International Meeting for Autism Research: Assessing Autism Symptoms with ADOS Calibrated Severity Scores

Assessing Autism Symptoms with ADOS Calibrated Severity Scores

Friday, May 13, 2011
Elizabeth Ballroom E-F and Lirenta Foyer Level 2 (Manchester Grand Hyatt)
3:00 PM
A. C. Vehorn1, E. H. Dohrmann2 and H. Noble1, (1)Vanderbilt, Nashville, TN, (2)Vanderbilt , Nashville, TN
Background:  As proposed by Gotham et al. (2008), ADOS calibrated severity scores (CSS) are a standardized metric developed to assess core autism symptoms as a clinical entity distinct from cognitive and adaptive differences.  According to preliminary findings, this metric may provides a means by which to better assess symptoms of autism over time, in both individuals and populations.
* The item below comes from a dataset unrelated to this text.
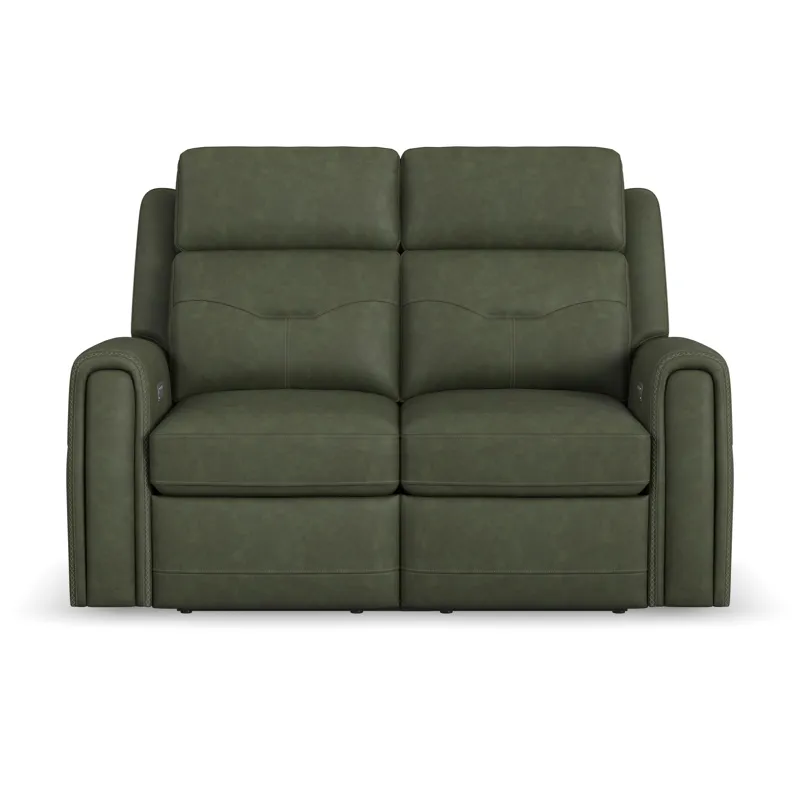 Power Reclining Loveseat with Power Headrest, Lumbar, Heat & Massage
In the original validation study these scores were shown to be less influenced by factors such as verbal IQ, which accounted for 43% of variance in raw ADOS totals and only 10% in CSS scores.  Despite promising initial work the development of this metric took place within a sample of convenience and as such further study of this metric in additional samples is necessary.

 Objectives:  We aimed to assess the nature of CSS and its relations to current diagnostic categories (i.e., PDD-NOS, autism, Asperger’s Disorder) within a sample of children recruited into an ASD genetics study.

Methods:  Analyses were conducted on data from 227 participants collected through the Simons Simplex Collection site at Vanderbilt University.  Each participating child received a clinical diagnosis of ASD based on a complete psychological evaluation including assessment with the ADOS and ADI-R.  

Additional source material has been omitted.